You shouldn’t maintain things that do not deliver the value you anticipated when you first put them in place. For example, I thought Netflix streaming would be terrific, but I have used it so infrequently that it probably costs me $50 per movie or show watched. I should probably dump it.
Your hospitalist group might have some operational practices that are not as valuable as they seem and could be replaced with something better. For many groups, this might include doing away with a separate daytime admitter shift and a morning meeting to distribute the overnight admissions.
Daytime Admission Shift
My experience is that hospitalist groups with more than about five daytime doctors almost always have a day-shift person dedicated to seeing new admissions. In most cases, this procedure is implemented with the idea of reducing the stress of other day-shift doctors, who don’t have to interrupt rounds to admit a new patient. Some see a dedicated admitter as a tool to improve ED throughput, because this doctor isn’t tied up with rounds and can immediately start seeing a new admission.
I think an admitter shift does deliver both of these benefits, but its costs make it suboptimal in most settings. For example, a single admitter will impede ED throughput any time more than one new admission is waiting to be seen, and for most groups that will be much of the day. In fact, improved ED throughput is best achieved by having many hospitalists available for admissions, not just a single admitter. (There are many other factors influencing ED throughput, such as whether ED doctors simply send patients to their “floor” bed prior to being seen by a hospitalist. But for this article, I’m just considering the influence of a dedicated admitter.)
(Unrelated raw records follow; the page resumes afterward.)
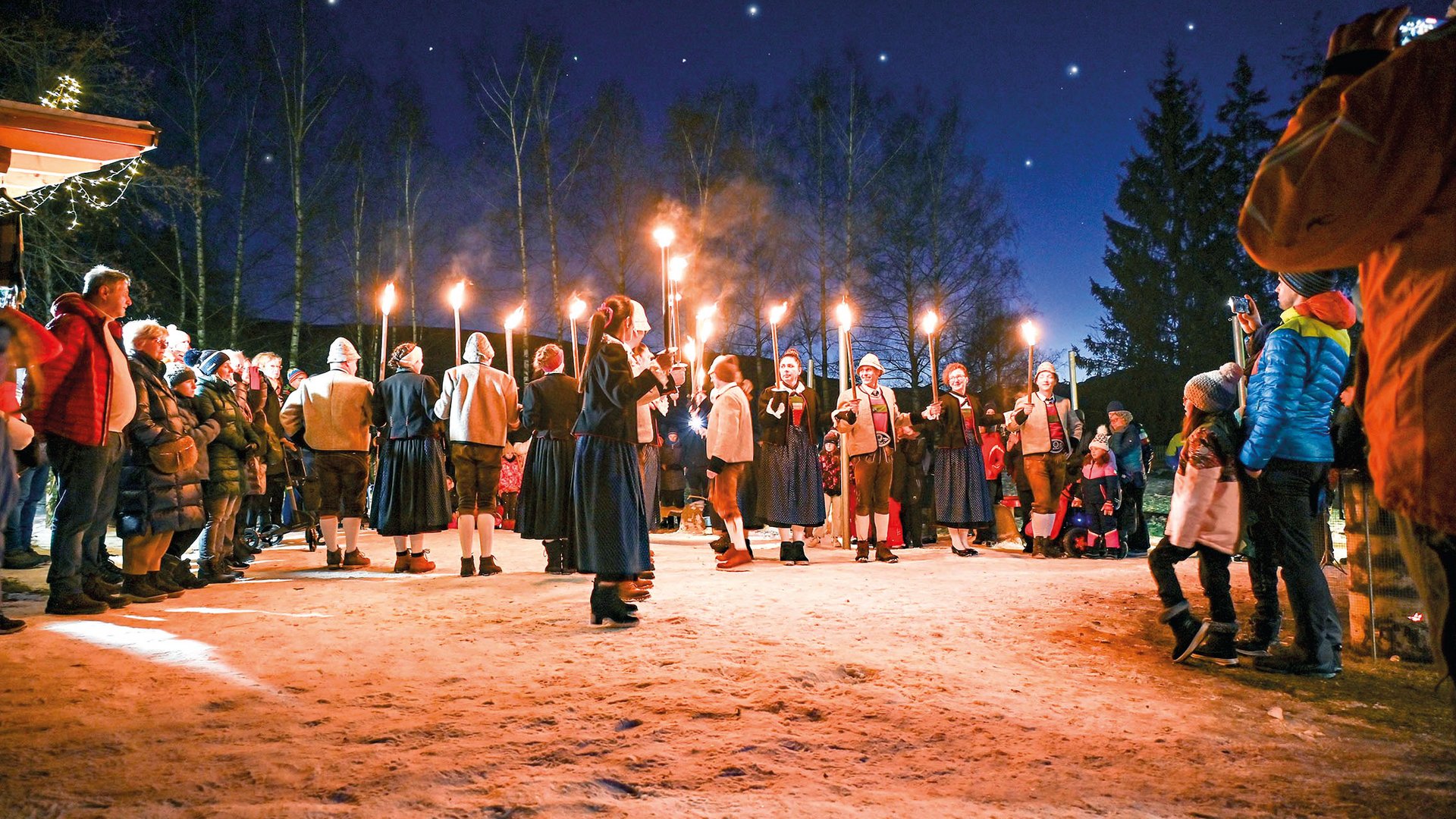 Tearna Advent Menschen mit Fackeln bei einer traditionellen Nachtveranstaltung im Freien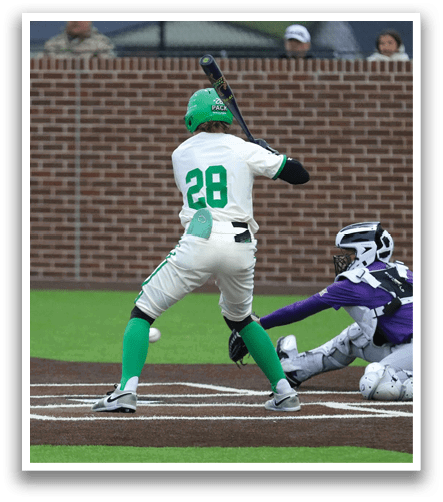 A baseball player in a green and white uniform is swinging a bat at a ball. Contenido generado con IA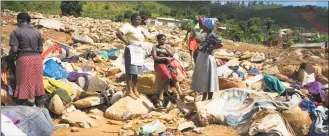  ?? Zinyange Auntony / AFP/Getty Images ?? Women dry clothes recovered from rubble on Tuesday in the Ngangu township of Chimaniman­i, after the area was hit by the Cyclone Idai. More than a thousand people are feared to have died in Mozambique alone while scores have been killed and more than 200 are missing in neighbouri­ng Zimbabwe following the deadliest cyclone to hit southern Africa.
I think “silo-ing” work into different roles, such as separating rounding and admitting, makes it more difficult to ensure that each is always working productively. There are likely to be times when the admitter has little or nothing to do, even though the rounders are very busy. Or perhaps the rounders aren’t very busy, but the admitter has just been asked to admit four ED patients at the same time.
While protecting rounders from the stress of admissions is valuable, it comes at the cost of a net increase in hospitalist work, because a new doctor must get to know the patient on the day following admission. And this admitter-to-rounder handoff serves as another opportunity for errors—and probably lowers patient satisfaction.
I think most groups should consider moving the admitter shift into an additional rounder position, dividing admissions across all of the doctors working during the daytime. For example, a group that has six rounders and a separate admitter would change to seven rounders, each available to admit every seventh daytime admission. Each would bear the meaningful stress of having rounds interrupted to admit a new patient, but accepting every seventh daytime admission shouldn’t be too difficult on most days.
Don’t forget that eliminating the admitter means that the list of new patients you take on each morning will be shorter. Mornings may be a little less stressful.
A.M. Distribution
The daytime doctors at many hospitalist groups meet each morning to discuss how the new admissions from the prior night (or even the last 24 hours) will be distributed. Or perhaps one person, sometimes a nurse or clerical staff, arrives very early each day to do this.